Search the entries for the word "with" and copy each line that has it.

........

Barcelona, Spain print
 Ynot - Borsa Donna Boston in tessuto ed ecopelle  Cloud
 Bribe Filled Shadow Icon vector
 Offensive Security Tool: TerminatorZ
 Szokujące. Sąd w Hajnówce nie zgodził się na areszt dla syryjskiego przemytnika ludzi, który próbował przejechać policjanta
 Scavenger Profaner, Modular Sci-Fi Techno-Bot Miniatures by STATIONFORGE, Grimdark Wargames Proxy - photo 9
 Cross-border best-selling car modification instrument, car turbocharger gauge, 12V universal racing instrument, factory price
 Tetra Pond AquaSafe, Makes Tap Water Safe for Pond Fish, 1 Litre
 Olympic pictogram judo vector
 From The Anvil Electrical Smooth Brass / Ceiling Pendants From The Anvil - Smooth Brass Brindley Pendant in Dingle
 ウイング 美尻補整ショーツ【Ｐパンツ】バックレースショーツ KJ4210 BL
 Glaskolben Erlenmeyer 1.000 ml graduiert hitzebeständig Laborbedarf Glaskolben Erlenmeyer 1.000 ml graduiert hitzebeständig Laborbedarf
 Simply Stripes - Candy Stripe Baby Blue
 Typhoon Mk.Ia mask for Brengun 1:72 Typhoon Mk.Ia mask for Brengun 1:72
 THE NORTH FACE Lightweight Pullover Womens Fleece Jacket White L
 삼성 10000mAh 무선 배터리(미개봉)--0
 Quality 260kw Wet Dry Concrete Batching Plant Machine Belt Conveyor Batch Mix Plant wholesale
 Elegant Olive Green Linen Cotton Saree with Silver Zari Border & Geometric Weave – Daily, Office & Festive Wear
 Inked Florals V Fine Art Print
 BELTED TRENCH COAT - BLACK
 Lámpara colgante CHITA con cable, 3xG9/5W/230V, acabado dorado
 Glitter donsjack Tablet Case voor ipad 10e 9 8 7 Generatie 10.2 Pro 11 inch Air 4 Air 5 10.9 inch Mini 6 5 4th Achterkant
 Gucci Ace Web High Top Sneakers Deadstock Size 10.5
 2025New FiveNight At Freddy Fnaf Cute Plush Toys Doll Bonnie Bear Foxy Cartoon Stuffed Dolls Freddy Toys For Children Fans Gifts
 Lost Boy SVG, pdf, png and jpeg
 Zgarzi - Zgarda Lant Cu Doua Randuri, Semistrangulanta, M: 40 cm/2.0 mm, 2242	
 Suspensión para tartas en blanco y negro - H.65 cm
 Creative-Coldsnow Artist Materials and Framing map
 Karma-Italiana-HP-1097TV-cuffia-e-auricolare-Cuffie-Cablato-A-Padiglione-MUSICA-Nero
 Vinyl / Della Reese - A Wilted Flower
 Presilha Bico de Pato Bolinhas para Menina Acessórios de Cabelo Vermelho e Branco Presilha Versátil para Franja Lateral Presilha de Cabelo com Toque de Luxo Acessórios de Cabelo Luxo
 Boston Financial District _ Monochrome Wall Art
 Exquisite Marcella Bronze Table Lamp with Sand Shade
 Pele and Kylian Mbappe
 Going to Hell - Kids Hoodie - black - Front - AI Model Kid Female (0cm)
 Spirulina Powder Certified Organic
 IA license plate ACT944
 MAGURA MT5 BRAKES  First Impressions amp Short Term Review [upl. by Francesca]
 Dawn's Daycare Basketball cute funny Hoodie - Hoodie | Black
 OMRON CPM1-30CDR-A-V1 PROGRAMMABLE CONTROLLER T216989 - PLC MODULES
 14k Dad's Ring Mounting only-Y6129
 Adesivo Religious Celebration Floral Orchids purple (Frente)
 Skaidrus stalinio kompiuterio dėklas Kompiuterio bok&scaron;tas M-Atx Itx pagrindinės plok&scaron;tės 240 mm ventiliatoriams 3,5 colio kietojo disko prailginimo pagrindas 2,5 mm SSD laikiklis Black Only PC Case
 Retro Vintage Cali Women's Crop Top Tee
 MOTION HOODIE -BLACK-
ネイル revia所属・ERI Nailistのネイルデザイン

........

• [Expected answer]:
 Elegant Olive Green Linen Cotton Saree with Silver Zari Border & Geometric Weave – Daily, Office & Festive Wear
 Exquisite Marcella Bronze Table Lamp with Sand Shade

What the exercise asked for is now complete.